He took a cigarette out of his pocket and lit it. “I don’t want to believe it,” he said. “I can’t believe it. But there’s a leak somewhere. Stuff that’s coming to me from confidential sources is getting out.”
“That’s impossible,” Kathy said quietly.
She’s the one who handles everything. Information comes to Mike from every conceivable source; from people he pays and from people who volunteer it. It comes from hat-check girls and society matrons, from bartenders and bank presidents, from punks and chiselers and ministers and statesmen. Some of it is usable and some of it isn’t. Some of it is fact and some of it is just plain filth. But all of it is on file.
To protect himself, Mike makes a record of every piece of information that comes his way, the exact hour and minute and place where he received it, and whom it came from. There’s material in that file that would blow thousands of people sky-high if it was ever released. The file was kept in a modern vault in his office off the library.
I don’t think the vault could be broken into. It certainly never had been. It was never left carelessly open, Kathy had access to it. I had access to it. Kathy knew everything that was in the file. I could find out if I wanted to. There was just us.
“All right, all right; stop looking sore,” Mike said to me. “If I can’t trust you and Kathy I’d better blow my brains out. But there has been a leak, all the same.”
“Look,” I said. “A guy gives you a piece of information. It gets out somehow. He blames you. But maybe he told other people, or maybe someone else knew.”
“Of course,” Mike said. “I figured that angle, Vance. I figured it had to be that way. Stuff has been getting out and I have been blamed for it, but I shrugged it off. Then last night I got it between the eyes from Joe Ricardo.”

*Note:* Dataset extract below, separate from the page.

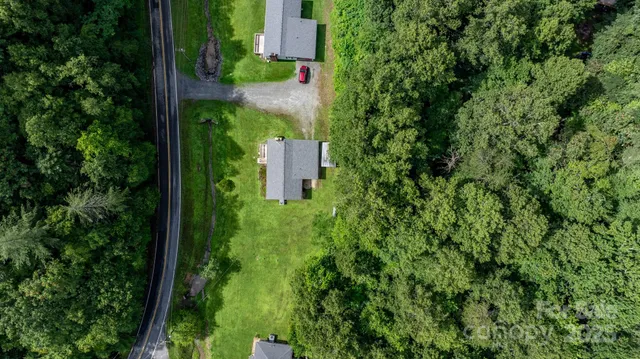 an aerial view of a house with a yard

Joe Ricardo is what the newspapers like to call an “Overlord of the Underworld.” He’s a smooth, tough guy who, so far as I know, has been able to keep clean of the law — but he’s not to be fooled around with, all the same.
“Ricardo has heard the rumor that I was leaking stuff,” Mike said. “Get this — he heard I was using private information for purposes or blackmail. He thought if the racket was big enough, he could give me protection. For a price, naturally.”
“Mike, how absurd!” Kathy said.
Joan just sat there, looking down at her hands.
“Ricardo framed me,” Mike said evenly. “He rigged up a story. It was an item on Ed Johnson, the producer. He and Johnson are friends. You know the item, Kathy. It’s in the file — about Johnson and Ricardo’s girl.”
Kathy nodded.
“Johnson was approached yesterday with a blackmail demand on the basis of that item,” Mike said.
“By whom?”
“A phone conversation. A man. Johnson couldn’t identify the voice. But you see where that leaves us? They planted the story with us to see if it would leak, and it did.” He looked around at us. “How?”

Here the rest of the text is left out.